On the evening of July 31, Huacan Optoelectronics made an announcement stating that the company had decided to seek the suspension of the share issuance process aimed at purchasing the equity of Harmony Corelight (Yiwu) Optoelectronics Technology Co., Ltd. (referred to hereafter as "Target Company" or "Harmony Optoelectronics") from the China Securities Regulatory Commission (CSRC).
Huacan Optoelectronics plans to acquire 100% of the equity in Harmony Optoelectronics, which is held by New Sure Limited and Yiwu Harmony Corelight Equity Investment Partnership (Limited Partnership), through a share issuance for asset purchases. Additionally, the company intends to raise matching funds by soliciting no more than five specific investors. The share issuance price for the acquired assets was initially set at 6.95 yuan per share. Following the company's 2016 dividend distribution of 0.5 yuan in cash for every 10 shares on May 17, 2017, the share issuance price was adjusted to 6.90 yuan per share. The total amount of funds raised must not exceed 200 million yuan. The success of the fundraising for the matching funds does not influence the implementation of the asset acquisition via share issuance.
As of December 31, 2016, the estimated value of the underlying assets was approximately 1.719 billion yuan. However, the Target Company, Harmony Optoelectronics, does not engage in any actual business operations. Its primary asset consists of a 100% stake in MEMSIC, Inc., held by its Hong Kong subsidiary. Based on the valuation of the aforementioned 100% equity, the transaction amount for this deal stands at 1.65 billion yuan.
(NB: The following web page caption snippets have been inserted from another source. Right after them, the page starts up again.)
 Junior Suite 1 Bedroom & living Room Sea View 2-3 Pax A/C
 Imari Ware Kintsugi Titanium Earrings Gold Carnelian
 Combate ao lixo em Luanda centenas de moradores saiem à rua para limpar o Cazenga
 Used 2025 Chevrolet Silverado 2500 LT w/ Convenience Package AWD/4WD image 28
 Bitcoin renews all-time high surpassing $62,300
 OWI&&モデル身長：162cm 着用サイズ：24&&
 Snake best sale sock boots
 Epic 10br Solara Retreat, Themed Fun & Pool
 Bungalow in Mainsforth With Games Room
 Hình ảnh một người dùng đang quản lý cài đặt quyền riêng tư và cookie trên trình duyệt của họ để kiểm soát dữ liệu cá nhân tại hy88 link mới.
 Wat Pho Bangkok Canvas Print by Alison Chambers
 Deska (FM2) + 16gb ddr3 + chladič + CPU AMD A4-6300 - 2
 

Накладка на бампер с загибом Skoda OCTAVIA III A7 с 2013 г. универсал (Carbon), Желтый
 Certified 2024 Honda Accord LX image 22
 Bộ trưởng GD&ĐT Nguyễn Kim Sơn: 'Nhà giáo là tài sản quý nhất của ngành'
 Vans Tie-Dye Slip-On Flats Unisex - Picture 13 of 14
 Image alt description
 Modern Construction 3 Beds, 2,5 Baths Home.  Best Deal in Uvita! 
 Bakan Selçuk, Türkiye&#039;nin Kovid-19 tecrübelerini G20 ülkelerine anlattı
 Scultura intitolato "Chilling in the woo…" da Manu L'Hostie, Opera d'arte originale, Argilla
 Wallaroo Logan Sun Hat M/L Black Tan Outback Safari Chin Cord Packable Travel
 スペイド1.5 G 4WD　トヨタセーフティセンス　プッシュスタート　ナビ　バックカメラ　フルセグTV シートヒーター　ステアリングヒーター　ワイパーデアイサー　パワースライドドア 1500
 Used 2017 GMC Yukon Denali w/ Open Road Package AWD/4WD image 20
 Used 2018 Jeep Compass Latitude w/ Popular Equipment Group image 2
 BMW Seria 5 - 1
On July 3, 2017, the company received a "Notice of Acceptance of Administrative Licensing Application" issued by the CSRC on June 30, 2017, under reference number 171031. The CSRC reviewed the administrative license application materials submitted by Huacan Optoelectronics regarding the approval of share issuance for listed companies and determined that the application materials were complete and compliant with legal standards. Consequently, the CSRC decided to accept the application for administrative licensing.
During the planning and promotion of this asset purchase, the company diligently followed the relevant regulations of the CSRC and the Shenzhen Stock Exchange. This included conducting due diligence, auditing, and evaluation work on the Target Company. The company also held board meetings and shareholder general meetings to approve the related transaction proposals. Moreover, the relevant matters involving the transaction were reviewed by the U.S. Committee on Foreign Investment (CFIUS).
Currently, the validity period of some financial data in the application documents for share issuance has expired. As a result, both the company and the Target Company require supplementary audits. Presently, the company, the Target Company, and the auditing institution are working to complete these necessary audits.
In order to effectively protect the interests of all shareholders, especially those of smaller investors, the company convened its third meeting of the third board of directors on July 29, 2017. It reviewed and approved the proposal to suspend the major asset restructuring. After careful consideration and consultation with the parties involved in the transaction, it was decided to temporarily halt the review of the company’s share issuance for asset purchases and to submit an application for suspension of the review to the CSRC. Once the conditions are appropriate, the company will resume the process.
The suspension of the share issuance for asset purchases will not significantly impact the company's ongoing production and operational activities. Although the company is currently seeking to pause the review of the assets being purchased via share issuance, it remains committed to advancing the relevant work of this transaction. Upon completion of the necessary steps, the company will promptly reapply to resume the review of this administrative license application.